RECORDS: Begin

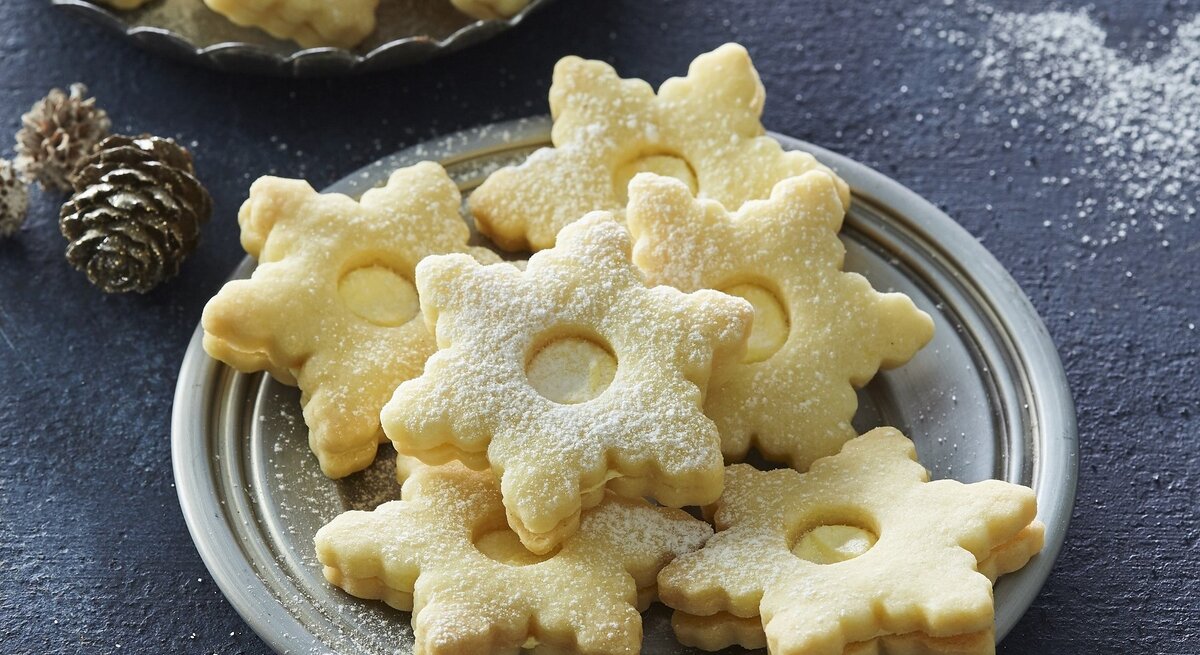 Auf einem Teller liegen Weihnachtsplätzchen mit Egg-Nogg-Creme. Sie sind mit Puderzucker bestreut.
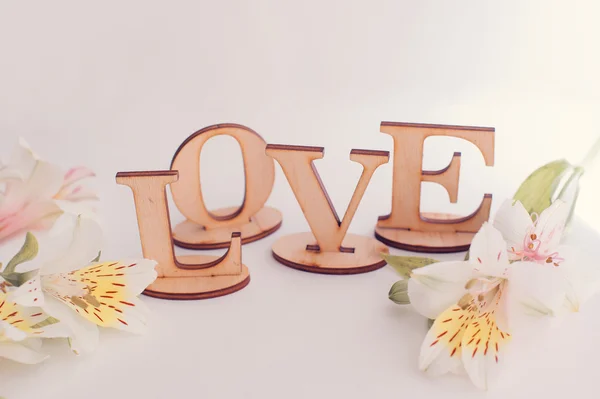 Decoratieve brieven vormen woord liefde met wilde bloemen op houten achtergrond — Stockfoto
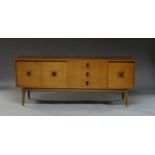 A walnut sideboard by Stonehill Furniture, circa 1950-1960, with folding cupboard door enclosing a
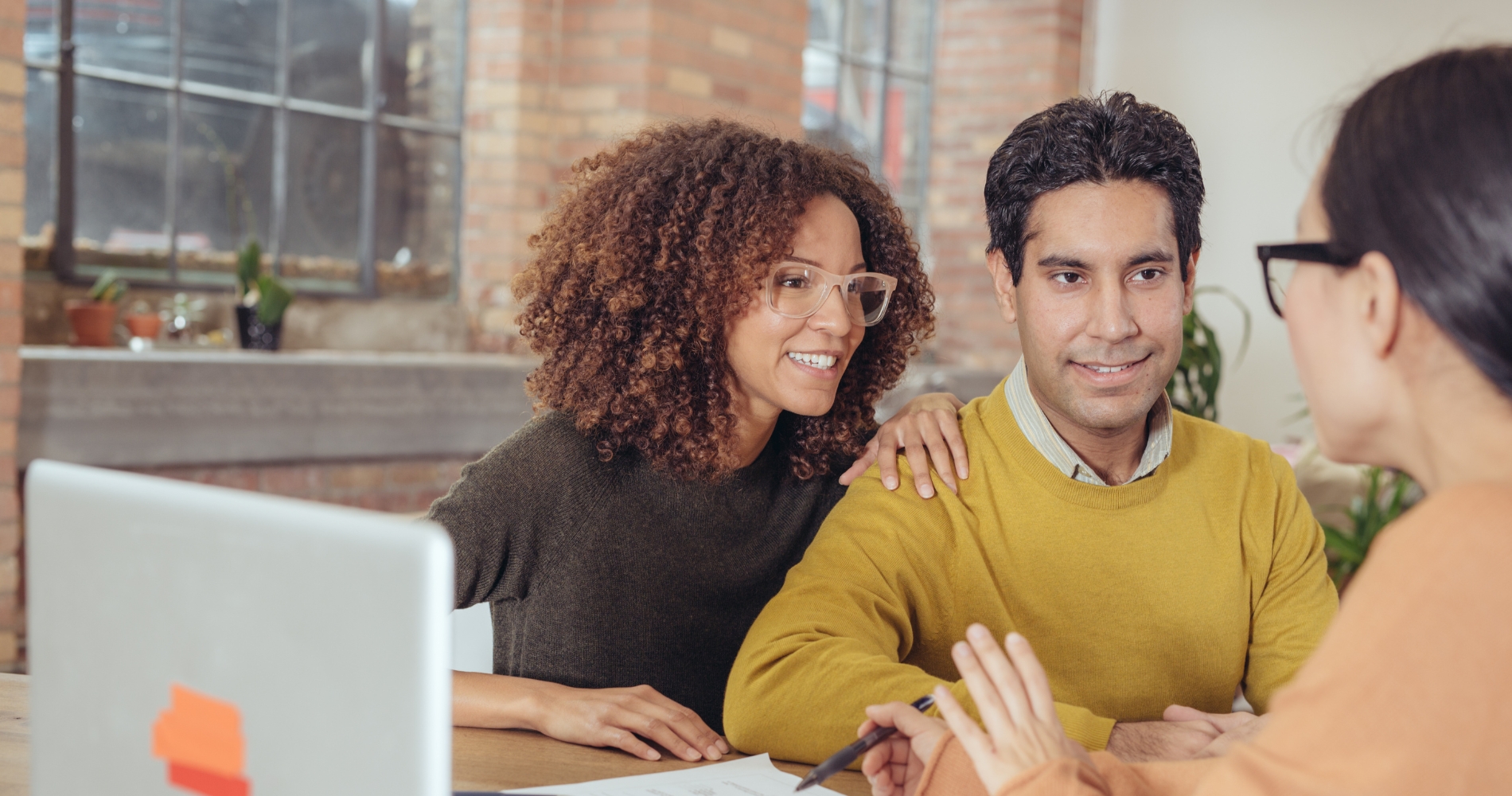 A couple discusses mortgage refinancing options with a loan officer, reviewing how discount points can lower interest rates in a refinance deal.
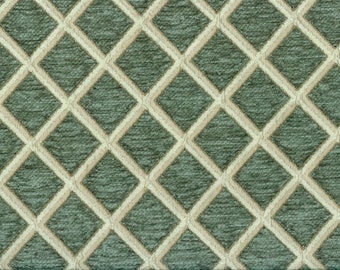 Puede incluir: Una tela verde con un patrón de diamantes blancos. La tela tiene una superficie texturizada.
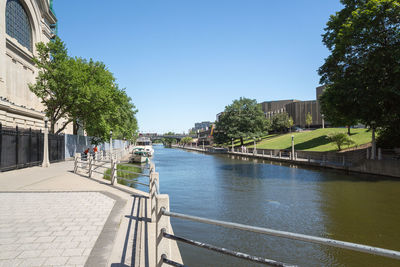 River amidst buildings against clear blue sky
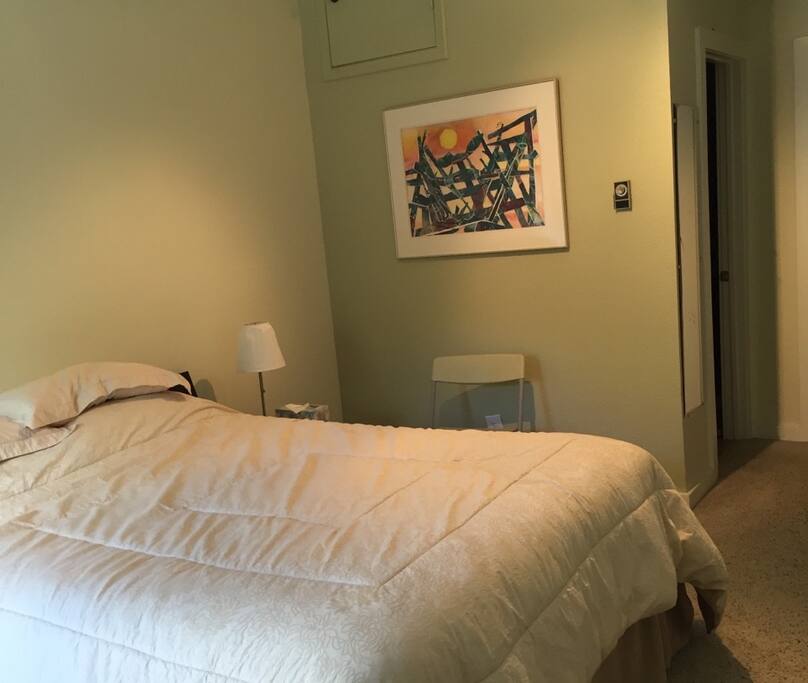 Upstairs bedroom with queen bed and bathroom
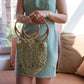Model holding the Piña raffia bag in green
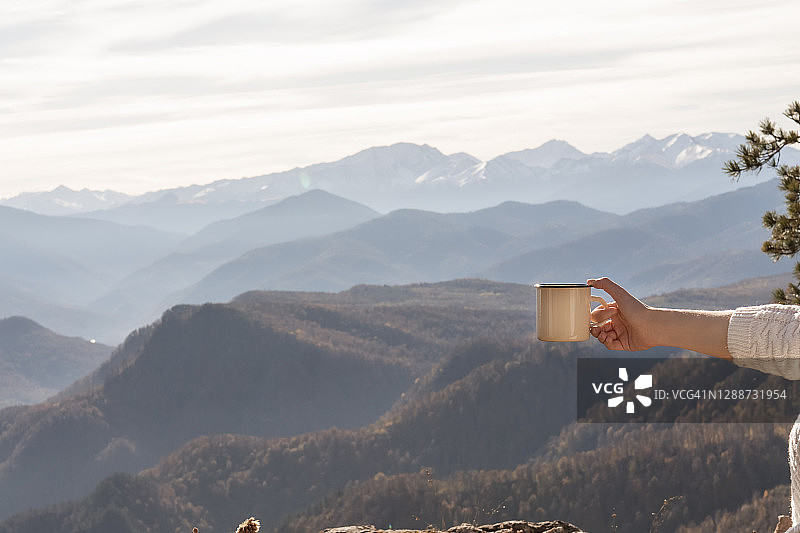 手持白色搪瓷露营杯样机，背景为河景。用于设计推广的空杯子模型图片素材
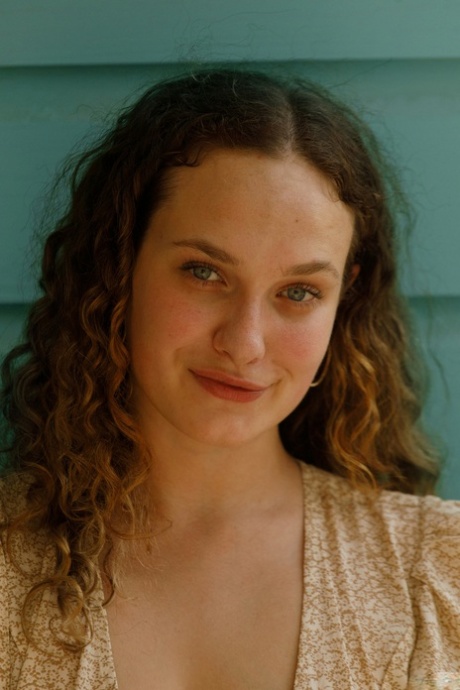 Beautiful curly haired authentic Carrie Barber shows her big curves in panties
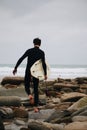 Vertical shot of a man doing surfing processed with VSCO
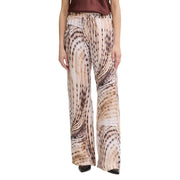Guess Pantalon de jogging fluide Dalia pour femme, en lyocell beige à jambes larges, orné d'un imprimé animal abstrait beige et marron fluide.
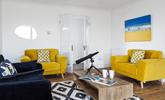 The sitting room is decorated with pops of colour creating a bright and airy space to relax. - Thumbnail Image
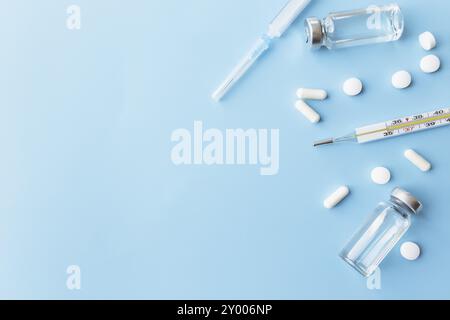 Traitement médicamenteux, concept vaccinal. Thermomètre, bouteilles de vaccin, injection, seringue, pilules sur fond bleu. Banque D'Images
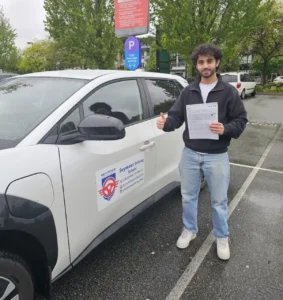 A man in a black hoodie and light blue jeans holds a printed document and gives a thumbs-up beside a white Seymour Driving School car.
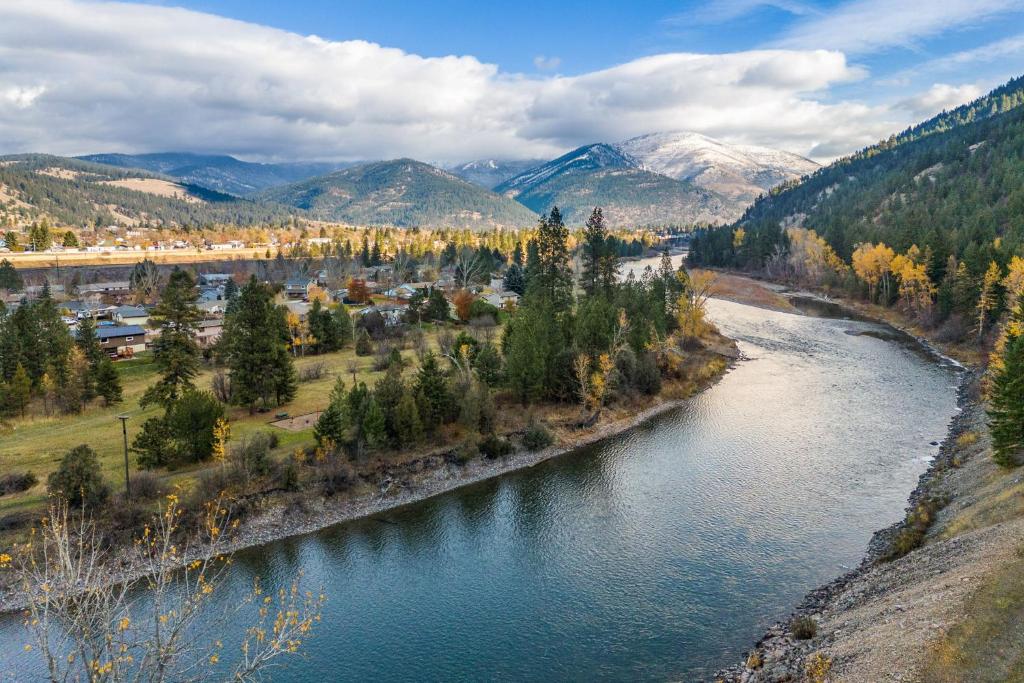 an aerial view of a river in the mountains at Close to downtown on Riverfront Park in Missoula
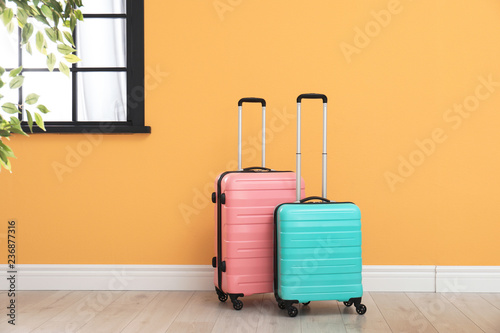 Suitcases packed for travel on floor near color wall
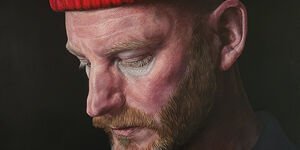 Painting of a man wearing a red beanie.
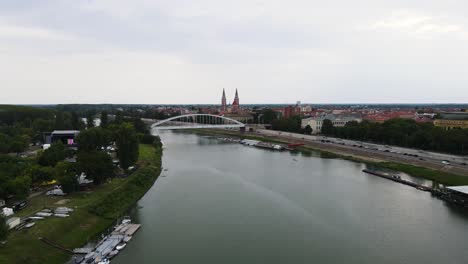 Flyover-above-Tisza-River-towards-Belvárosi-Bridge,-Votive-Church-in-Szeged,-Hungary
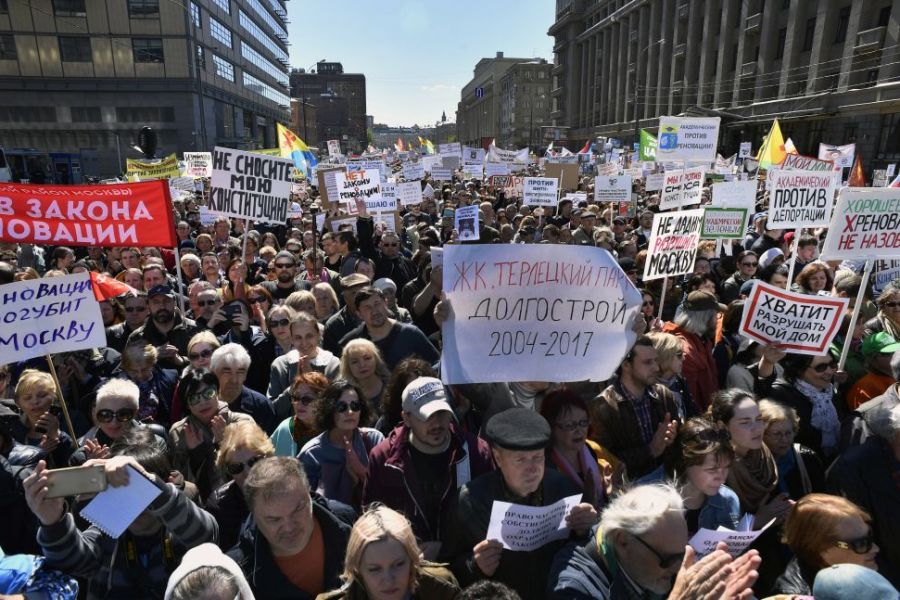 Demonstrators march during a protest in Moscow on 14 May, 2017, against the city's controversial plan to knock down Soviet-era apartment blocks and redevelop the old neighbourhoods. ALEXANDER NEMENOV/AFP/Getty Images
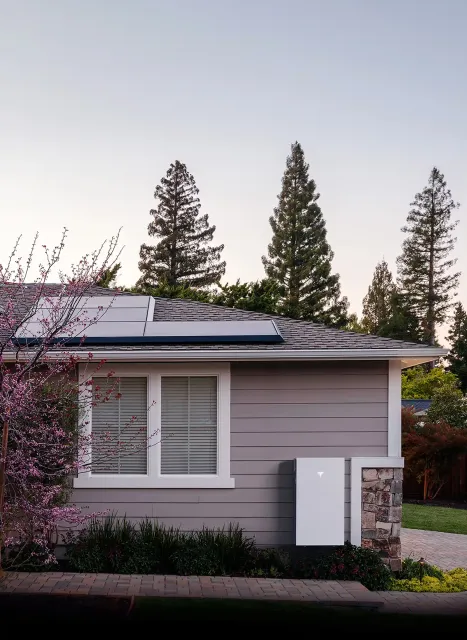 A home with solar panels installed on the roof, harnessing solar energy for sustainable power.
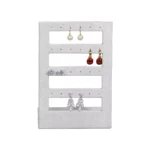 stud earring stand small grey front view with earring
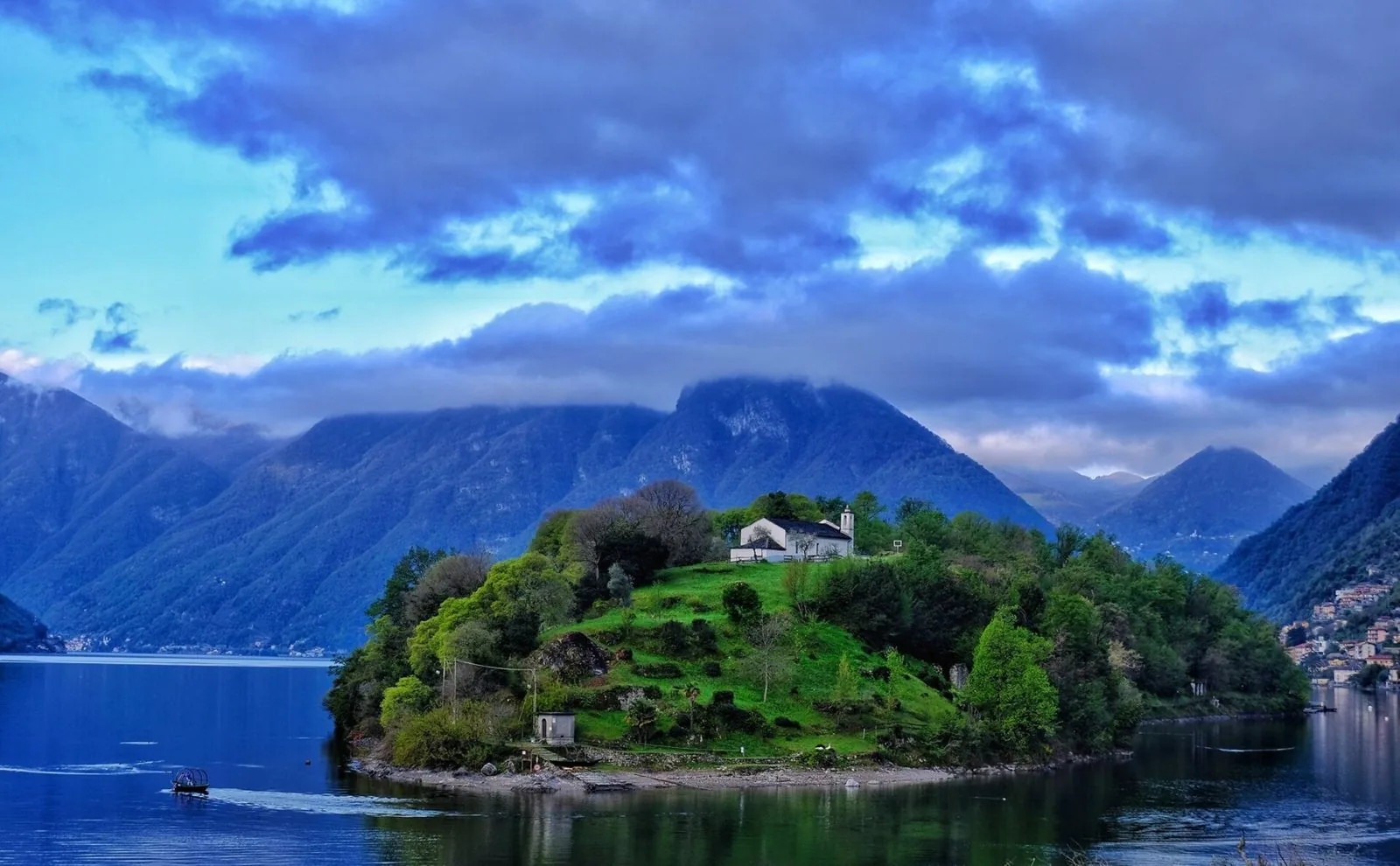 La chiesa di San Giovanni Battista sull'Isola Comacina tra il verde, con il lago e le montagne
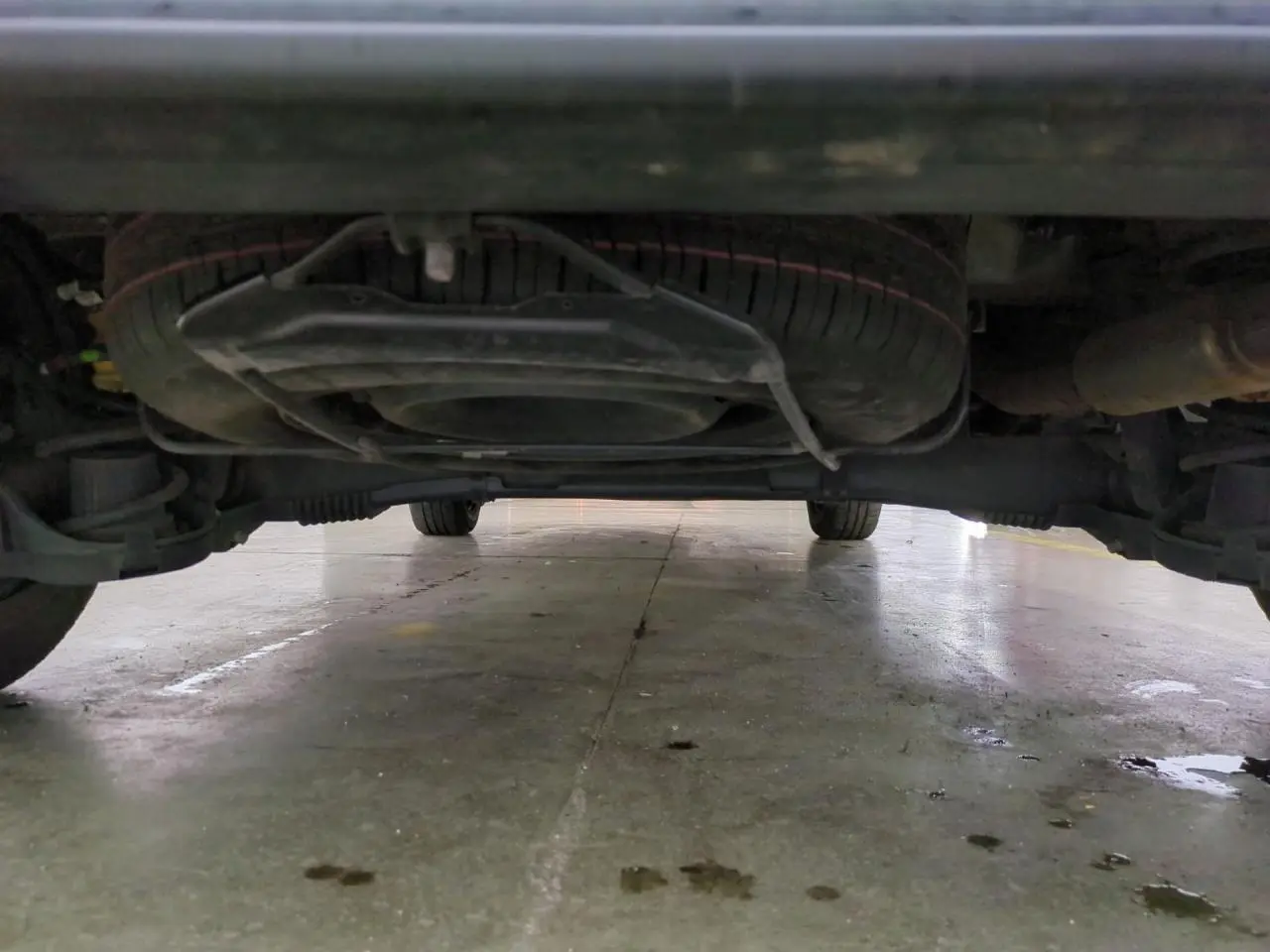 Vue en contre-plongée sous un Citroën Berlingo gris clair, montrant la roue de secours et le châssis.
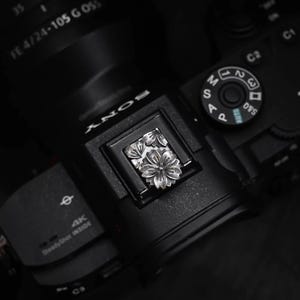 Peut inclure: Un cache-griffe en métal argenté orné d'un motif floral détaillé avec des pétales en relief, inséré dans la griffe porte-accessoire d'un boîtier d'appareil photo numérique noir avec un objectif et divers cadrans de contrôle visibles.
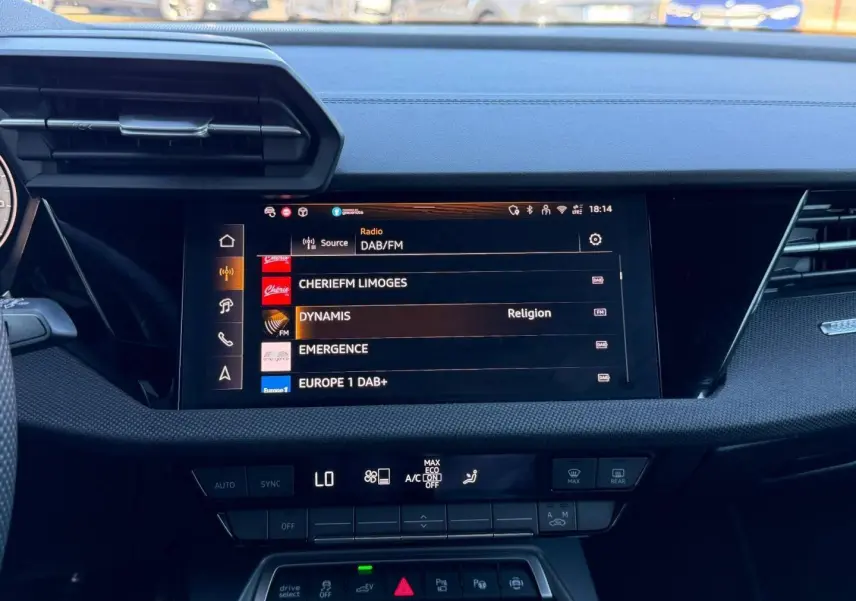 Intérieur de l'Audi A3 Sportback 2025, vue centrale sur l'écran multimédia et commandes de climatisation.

RECORDS: End

▶ [EXERCISE DIRECTIONS]
Reproduce every line above as written, skipping pictures.

▶ [ANSWER SPACE]
 Auf einem Teller liegen Weihnachtsplätzchen mit Egg-Nogg-Creme. Sie sind mit Puderzucker bestreut.
 Decoratieve brieven vormen woord liefde met wilde bloemen op houten achtergrond — Stockfoto
 A walnut sideboard by Stonehill Furniture, circa 1950-1960, with folding cupboard door enclosing a
 A couple discusses mortgage refinancing options with a loan officer, reviewing how discount points can lower interest rates in a refinance deal.
 Puede incluir: Una tela verde con un patrón de diamantes blancos. La tela tiene una superficie texturizada.
 River amidst buildings against clear blue sky
 Upstairs bedroom with queen bed and bathroom
Model holding the Piña raffia bag in green
 手持白色搪瓷露营杯样机，背景为河景。用于设计推广的空杯子模型图片素材
 Beautiful curly haired authentic Carrie Barber shows her big curves in panties
 Vertical shot of a man doing surfing processed with VSCO
Guess Pantalon de jogging fluide Dalia pour femme, en lyocell beige à jambes larges, orné d'un imprimé animal abstrait beige et marron fluide.
 The sitting room is decorated with pops of colour creating a bright and airy space to relax. - Thumbnail Image
 Traitement médicamenteux, concept vaccinal. Thermomètre, bouteilles de vaccin, injection, seringue, pilules sur fond bleu. Banque D'Images
 A man in a black hoodie and light blue jeans holds a printed document and gives a thumbs-up beside a white Seymour Driving School car.
 an aerial view of a river in the mountains at Close to downtown on Riverfront Park in Missoula
 Suitcases packed for travel on floor near color wall
 Painting of a man wearing a red beanie.
 Flyover-above-Tisza-River-towards-Belvárosi-Bridge,-Votive-Church-in-Szeged,-Hungary
 Demonstrators march during a protest in Moscow on 14 May, 2017, against the city's controversial plan to knock down Soviet-era apartment blocks and redevelop the old neighbourhoods. ALEXANDER NEMENOV/AFP/Getty Images
 A home with solar panels installed on the roof, harnessing solar energy for sustainable power.
 stud earring stand small grey front view with earring
 La chiesa di San Giovanni Battista sull'Isola Comacina tra il verde, con il lago e le montagne
 Vue en contre-plongée sous un Citroën Berlingo gris clair, montrant la roue de secours et le châssis.
 Peut inclure: Un cache-griffe en métal argenté orné d'un motif floral détaillé avec des pétales en relief, inséré dans la griffe porte-accessoire d'un boîtier d'appareil photo numérique noir avec un objectif et divers cadrans de contrôle visibles.
 Intérieur de l'Audi A3 Sportback 2025, vue centrale sur l'écran multimédia et commandes de climatisation.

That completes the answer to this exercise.